Michael: How do you ask for the time in French?
Aurore: And how do you tell the time?
Michael: At FrenchPod101.com, we hear these questions often. In the following situation, during a school break, Sasha Lee asks her classmate Doriane Dantois about the time. They don't want to be late for their next class. Sasha asks,
"What time is it?"
Sasha Lee: Quelle heure est-il ?
Dialogue
Sasha Lee: Quelle heure est-il ?
Doriane Dantois: Il est trois heures et quart.
Michael: Once more with the English translation.
Sasha Lee: Quelle heure est-il ?
Michael: "What time is it?"
Doriane Dantois: Il est trois heures et quart.

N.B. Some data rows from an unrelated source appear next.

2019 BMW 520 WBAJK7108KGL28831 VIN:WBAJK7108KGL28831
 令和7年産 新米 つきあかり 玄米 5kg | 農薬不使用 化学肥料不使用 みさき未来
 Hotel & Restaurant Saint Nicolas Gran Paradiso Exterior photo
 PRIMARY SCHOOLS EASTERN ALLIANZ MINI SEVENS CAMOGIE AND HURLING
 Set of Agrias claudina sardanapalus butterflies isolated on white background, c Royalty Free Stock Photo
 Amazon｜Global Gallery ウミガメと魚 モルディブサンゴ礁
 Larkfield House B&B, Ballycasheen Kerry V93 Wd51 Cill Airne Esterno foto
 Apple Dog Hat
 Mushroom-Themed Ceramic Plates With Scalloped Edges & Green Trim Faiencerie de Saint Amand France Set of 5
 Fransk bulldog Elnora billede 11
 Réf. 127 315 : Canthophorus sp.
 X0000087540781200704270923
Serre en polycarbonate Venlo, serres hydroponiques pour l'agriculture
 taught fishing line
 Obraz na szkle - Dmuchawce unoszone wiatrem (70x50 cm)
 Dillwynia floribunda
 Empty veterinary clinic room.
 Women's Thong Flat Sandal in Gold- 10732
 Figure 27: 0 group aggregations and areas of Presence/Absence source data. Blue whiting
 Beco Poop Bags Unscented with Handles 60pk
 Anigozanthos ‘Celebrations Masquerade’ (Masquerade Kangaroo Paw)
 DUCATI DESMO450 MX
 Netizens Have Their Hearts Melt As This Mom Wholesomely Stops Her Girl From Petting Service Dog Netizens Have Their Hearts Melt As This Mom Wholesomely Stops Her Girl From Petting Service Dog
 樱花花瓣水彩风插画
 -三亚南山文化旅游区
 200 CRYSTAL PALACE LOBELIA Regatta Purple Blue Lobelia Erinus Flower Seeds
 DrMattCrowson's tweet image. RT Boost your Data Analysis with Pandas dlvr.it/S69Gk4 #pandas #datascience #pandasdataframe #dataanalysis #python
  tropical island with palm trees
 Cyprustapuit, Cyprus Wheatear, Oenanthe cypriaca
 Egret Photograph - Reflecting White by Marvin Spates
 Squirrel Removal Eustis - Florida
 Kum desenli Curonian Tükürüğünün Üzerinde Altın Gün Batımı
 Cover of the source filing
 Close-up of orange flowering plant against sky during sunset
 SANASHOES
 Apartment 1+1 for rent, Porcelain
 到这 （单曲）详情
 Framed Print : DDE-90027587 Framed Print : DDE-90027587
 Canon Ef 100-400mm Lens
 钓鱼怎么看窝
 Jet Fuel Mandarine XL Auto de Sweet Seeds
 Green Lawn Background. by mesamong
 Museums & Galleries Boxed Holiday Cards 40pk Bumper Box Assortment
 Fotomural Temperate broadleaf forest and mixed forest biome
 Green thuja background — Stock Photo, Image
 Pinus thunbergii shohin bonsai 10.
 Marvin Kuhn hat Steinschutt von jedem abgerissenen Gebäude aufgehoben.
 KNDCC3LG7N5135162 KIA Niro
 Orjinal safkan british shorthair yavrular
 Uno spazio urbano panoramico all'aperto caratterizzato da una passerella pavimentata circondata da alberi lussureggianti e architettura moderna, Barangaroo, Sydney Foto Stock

Michael: "It's a quarter past three."

Lesson focus

Michael: Knowing how to ask for time, as well as how to tell time, is essential when you're learning French. In this lesson, you will learn how to do both. When asking for the time in French, French people use the word,
Aurore: heure,
Michael: which translates to "time" when referring to the hour. And to ask what time it is, they say,
Aurore: Quelle heure est-il ?
Michael: or "What time is it?"
[Recall 1]
Michael: Let's take a closer look at the dialogue.
Do you remember how Sasha Lee says "What time is it?"
(pause 4 seconds)
Aurore as Sasha Lee: Quelle heure est-il ?
Michael: In French, the word for "time" as referring to the passing of a moment is,
Aurore: temps
Michael: As we have mentioned earlier, the word they use for "time" when asking for the hour or time of the day is
Aurore: heure
Michael: Here, Sasha Lee uses the most common way to ask for time in French, which is also the more formal way of asking for the time. This is also the way you'll ask for the time when talking with a stranger or someone you're not too familiar with. A less formal version would be,
Aurore: Il est quelle heure ?
Michael: It also means "What time is it," although it sounds a little less formal and something you'd want to use only with people you're close to like friends and family. There's another formal variation that you can use instead of the first one. This is
Aurore: Avez-vous l'heure ?
Michael: This means "Do you have the time?" But even this variation has a less formal version, which is,
Aurore: Vous avez l'heure ?
Michael: which also means "Do you have the time?" Now, if you really want to sound highly formal, then you might want to go with this one instead:
Aurore: Auriez-vous la gentillesse de me dire l'heure ?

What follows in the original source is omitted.